The CBP Directive curiously departs from the ICE Directive. Its search rule is confined to examination, review and analysis. CBP Directive, Section 5.1.3. In a separate section the CBP agent is given the right to detain a laptop "for a brief, reasonable period of time to perform a thorough border search." CBP Directive, Section 5.3.1. Up to this point the agent is still operating under the no-rule rule. Then, in a rather casual and offhand manner, the CBP Directive suddenly subjects its agents to a rule of probable cause: "...if after reviewing the information [stored in the laptop]...there is not probable cause to seize it [the laptop must be returned]." CBP Directive, Section

Whether this language of probable cause is specifically meant to give the traveler greater protection or whether it somehow slipped through the editing process in the legal department at CBP we do not know. In any event it is an odd bit of drafting.
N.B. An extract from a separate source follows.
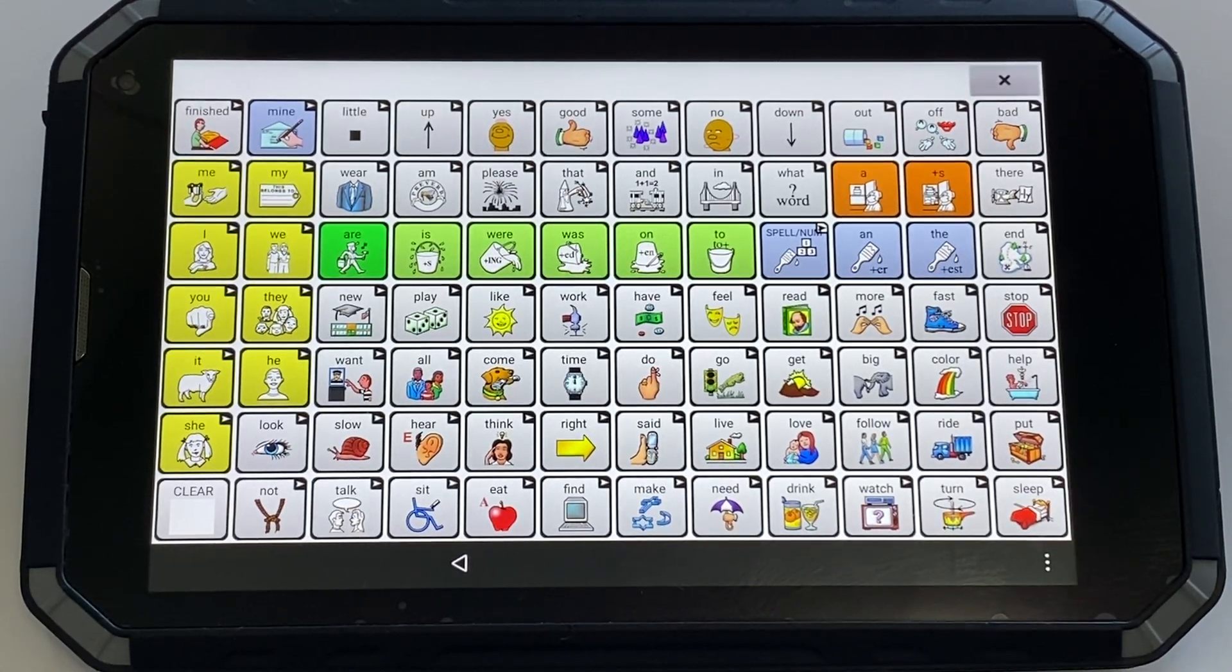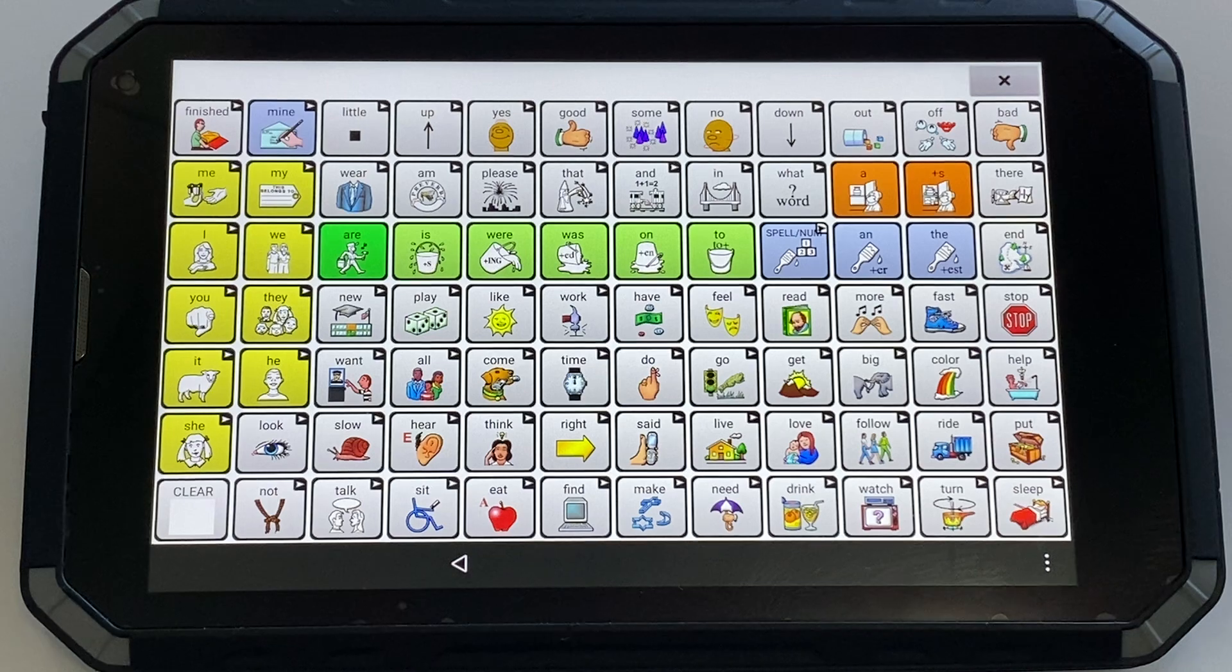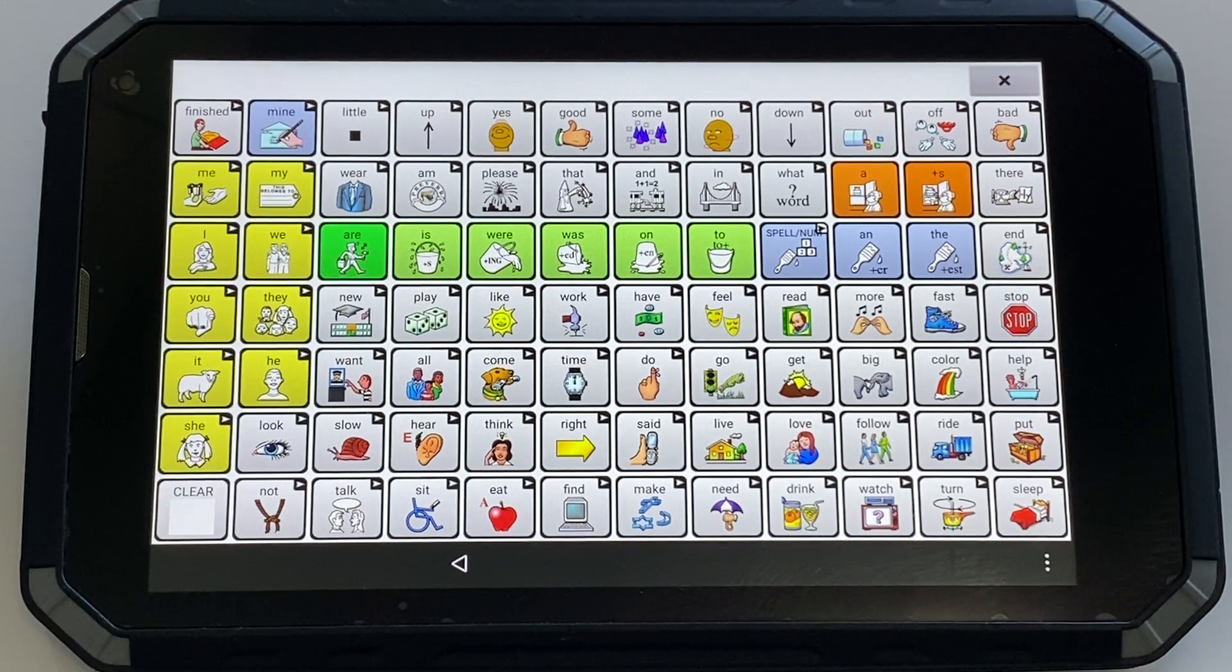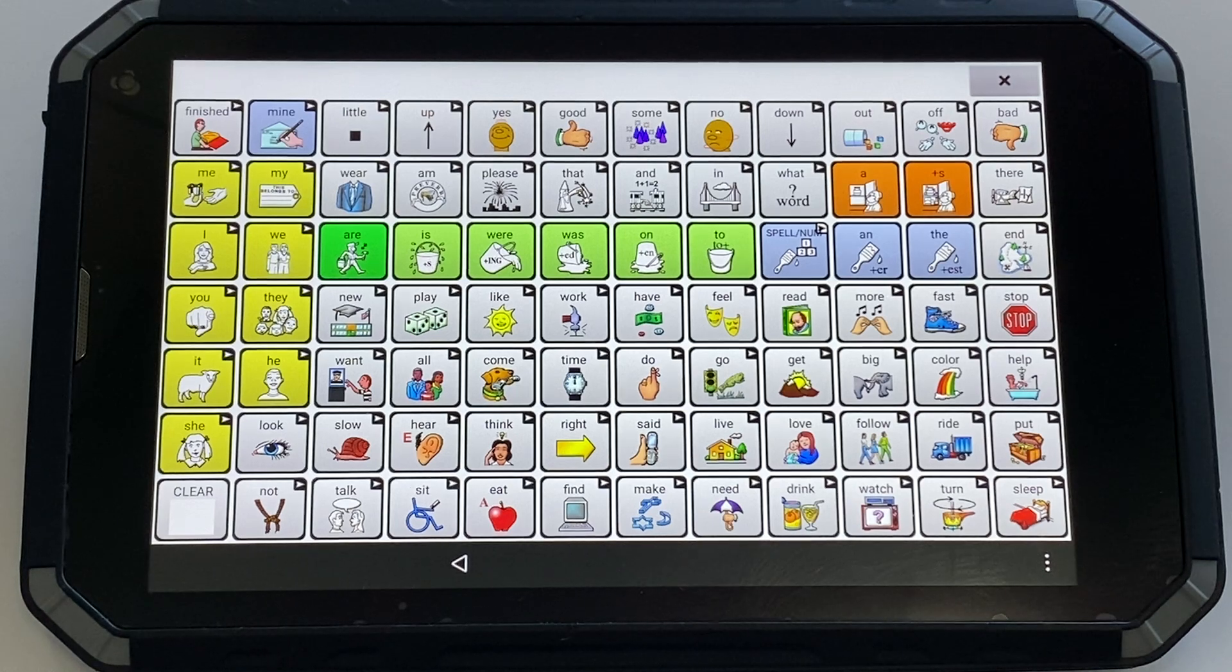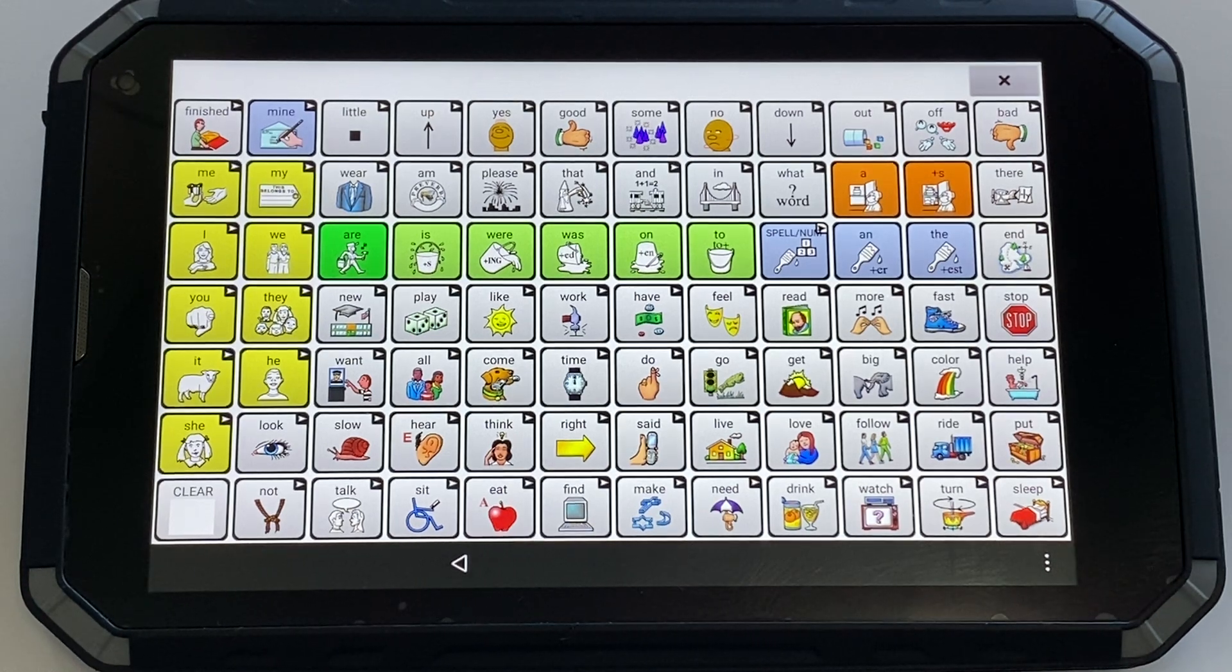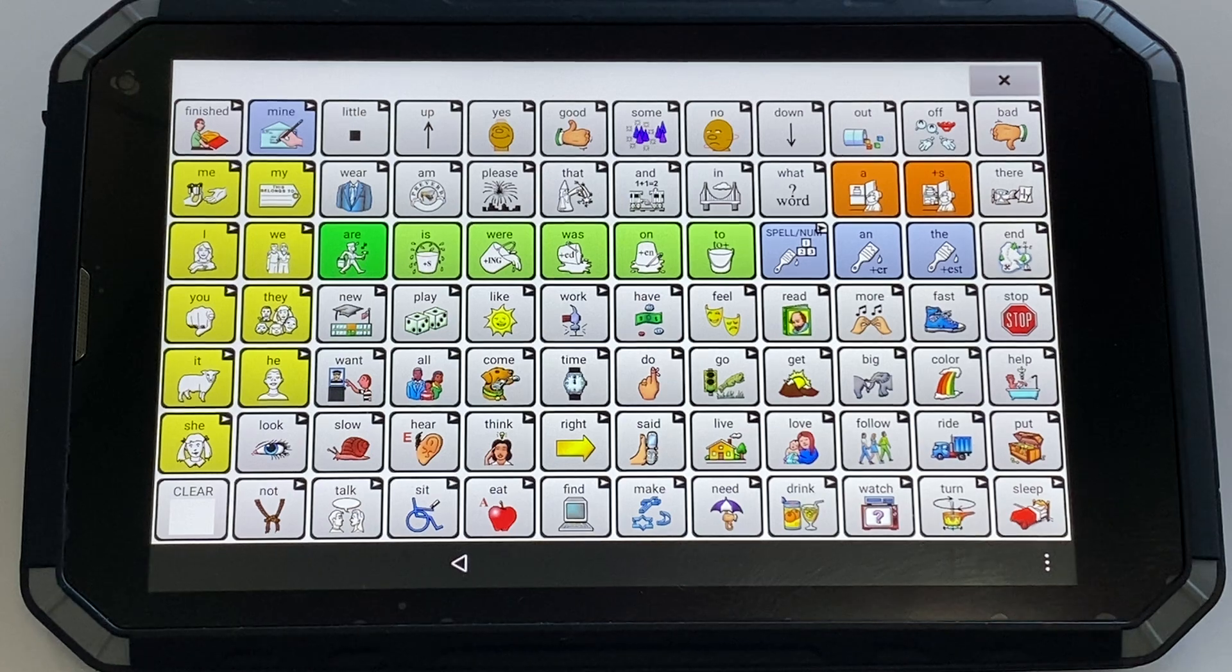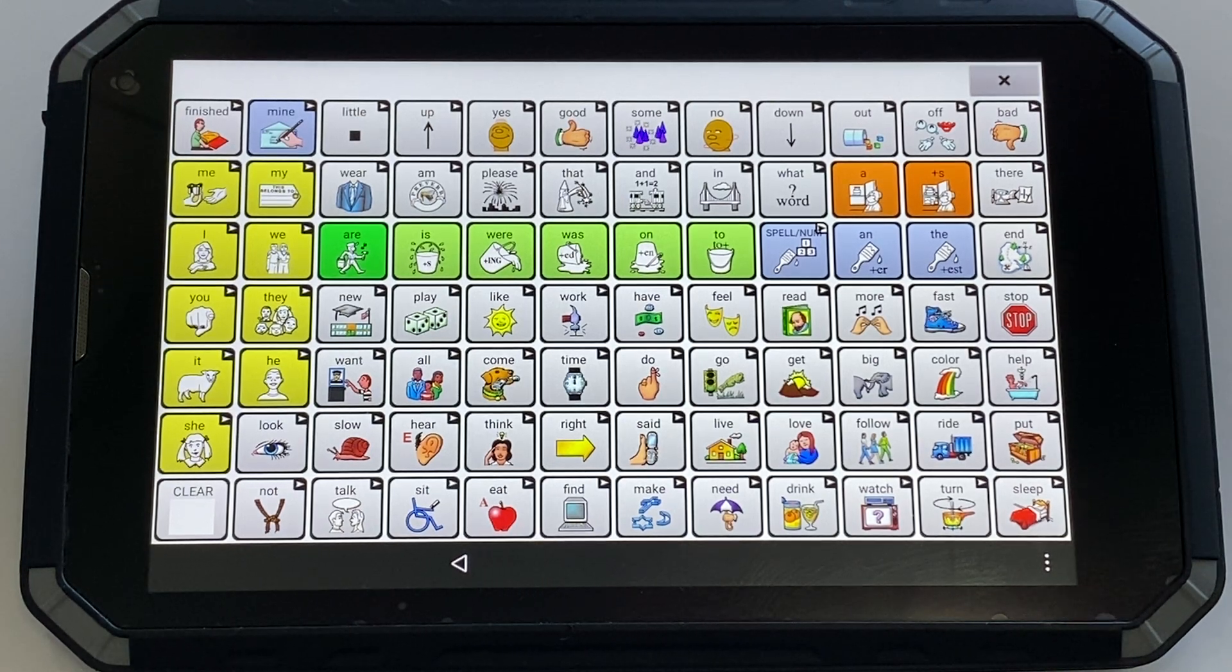Here is how you use the Vocabulary Builder on the rugged devices. Vocabulary Builder is an excellent tool to temporarily limit the number of words available on the display. It allows the individual to focus on a small set of target words whilst maintaining consistent motor patterns for those words.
Any protection this probable cause rule might be thought to offer the traveler is more illusory than real, however. Who determines "probable cause?" The searching officer. What standards guide him? None are given. If the CBP agent is in doubt whether he has probable cause or not does anything prevent him from calling in an ICE agent, who has authority to seize the laptop without finding probable cause, and asking him to seize the laptop? No. If the CBP agent gets it wrong and seizes a laptop without having probable cause is there anything the traveler can do about it? No. In effect, the CBP agent can comply with this rule and seize a laptop by simply declaring that he has probable cause to do so. This is less a legal rule than a suggestion, a mere bow in the direction of legality.